A box contains three red marbles and six blue marbles. What is the probability of selecting at random, without replacement, two blue marbles? show all steps
Step 1: Calculate the total number of marbles in the box
Total number of marbles = 3 (red) + 6 (blue) = 9 marbles
Step 2: Calculate the probability of selecting the first blue marble
Probability of selecting a blue marble = Number of blue marbles / Total number of marbles
Probability of selecting a blue marble = 6 / 9 = 2/3
Step 3: Calculate the probability of selecting the second blue marble without replacement
After selecting the first blue marble, there are now 5 blue marbles left and a total of 8 marbles remaining in the box (since one blue marble has already been selected).

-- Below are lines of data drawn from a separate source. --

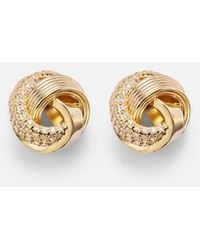 Sydney Evan - Tri-Link 14Kt Earrings With Diamonds - Lyst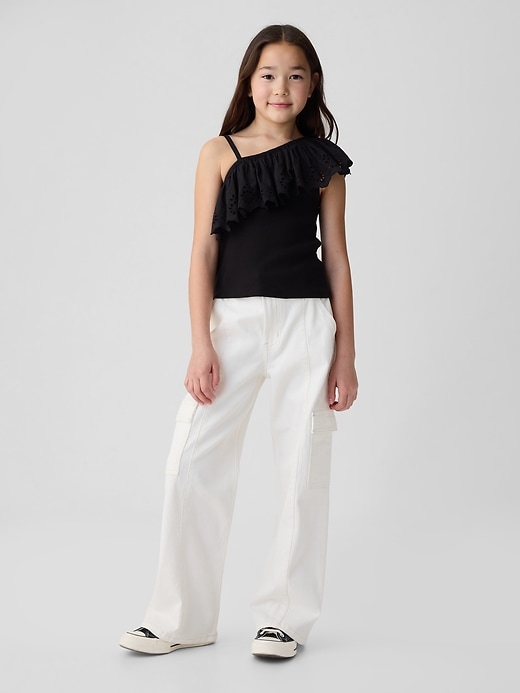 Image number 3 showing, Kids Asymmetrical Eyelet Top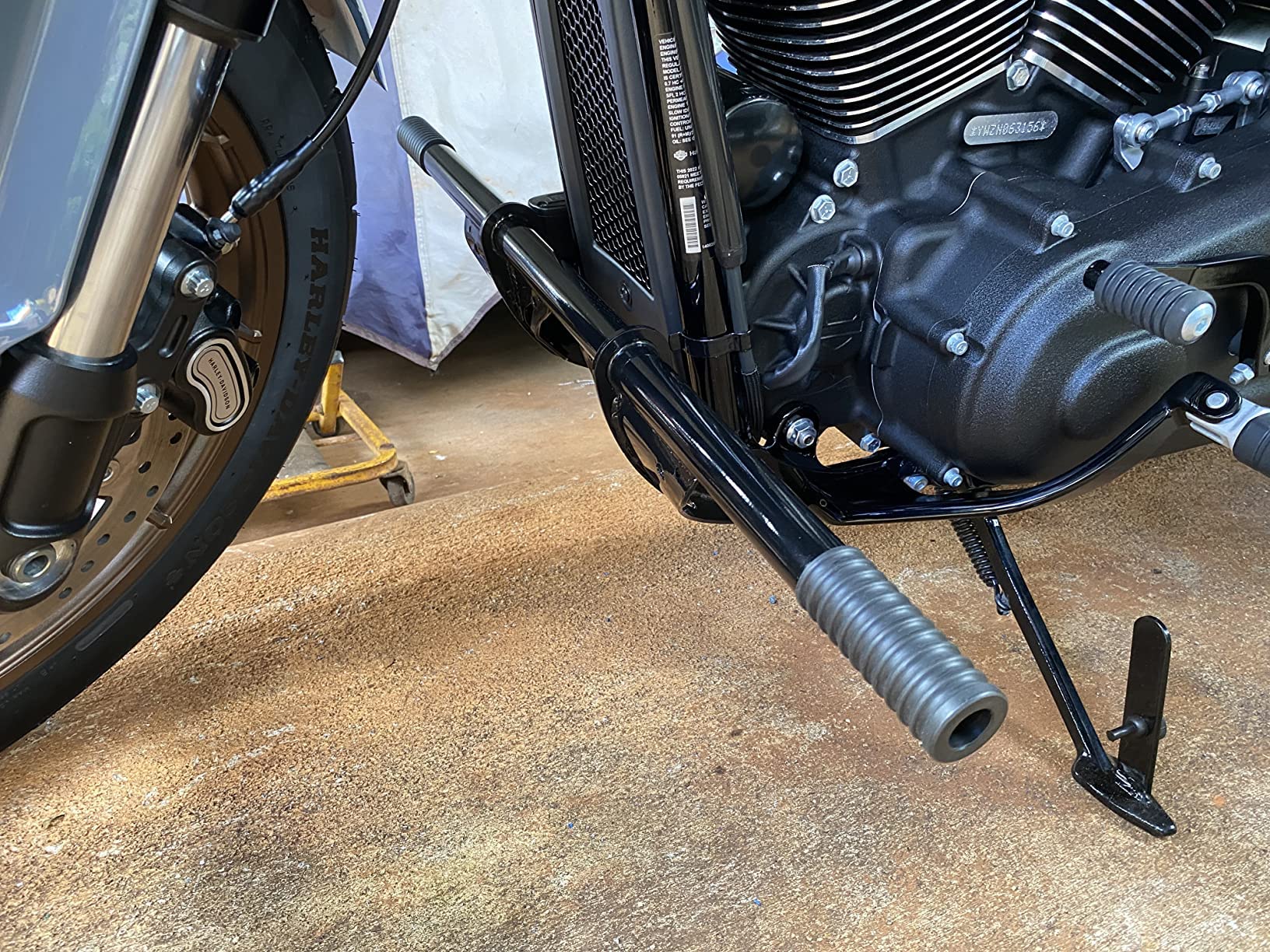 WOWTK Highway Footpeg Engine Guard Crash Bar fits for Harley Softail Street bob,Low Rider,Low Rider S 2018 2019 2020 2021 2022 2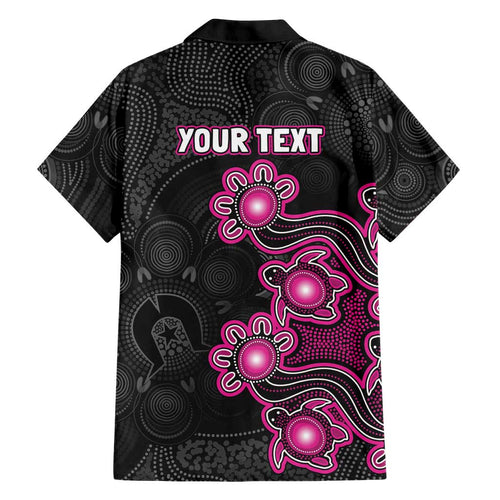 Personalised Sydney Sixers NAIDOC Week 2026 Family Matching Off Shoulder Short Dress and Hawaiian Shirt Sea Turtles Aboriginal Art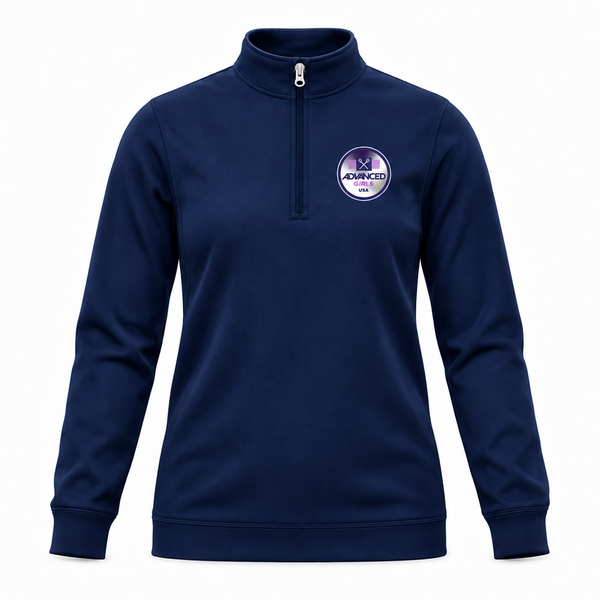 Youth & Adult Advanced Girls USA Quarter Zip - 2 colors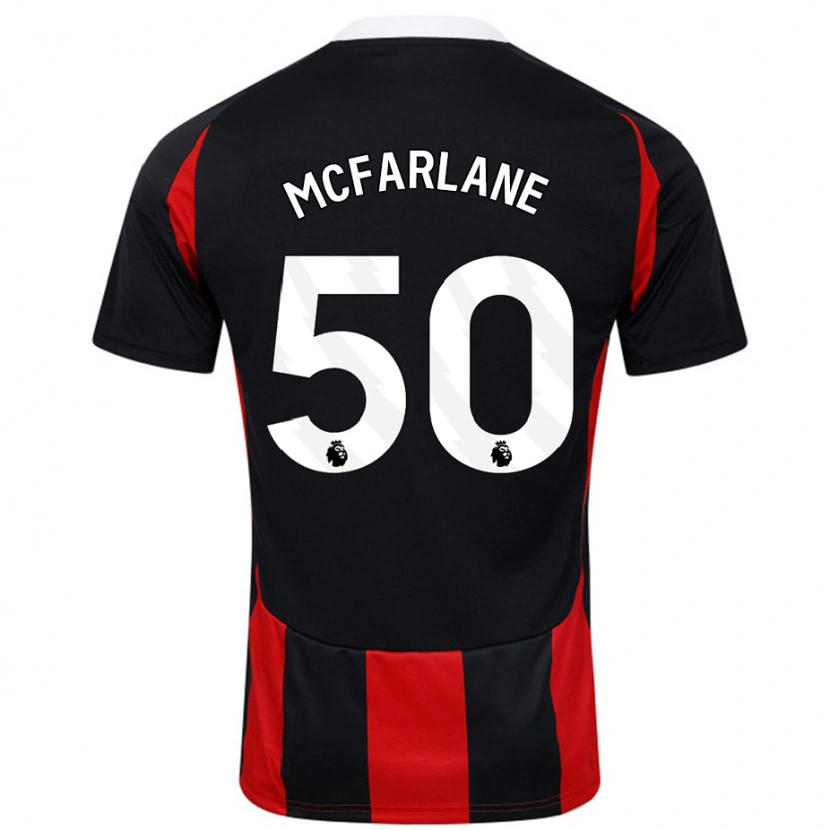 Danxen Dětské Callum Mcfarlane #50 Černá Červená Daleko Hráčské Dresy 2024/25 Dres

Probability of selecting a second blue marble = Number of remaining blue marbles / Total number of remaining marbles
Probability of selecting a second blue marble = 5 / 8
Step 4: Multiply the probabilities of selecting the two blue marbles
Probability of selecting two blue marbles = Probability of selecting the first blue marble * Probability of selecting the second blue marble
Probability of selecting two blue marbles = (2/3) * (5/8) = 10/24 = 5/12
Therefore, the probability of selecting at random, without replacement, two blue marbles from the box is 5/12 or approximately 0.417 (41.7%).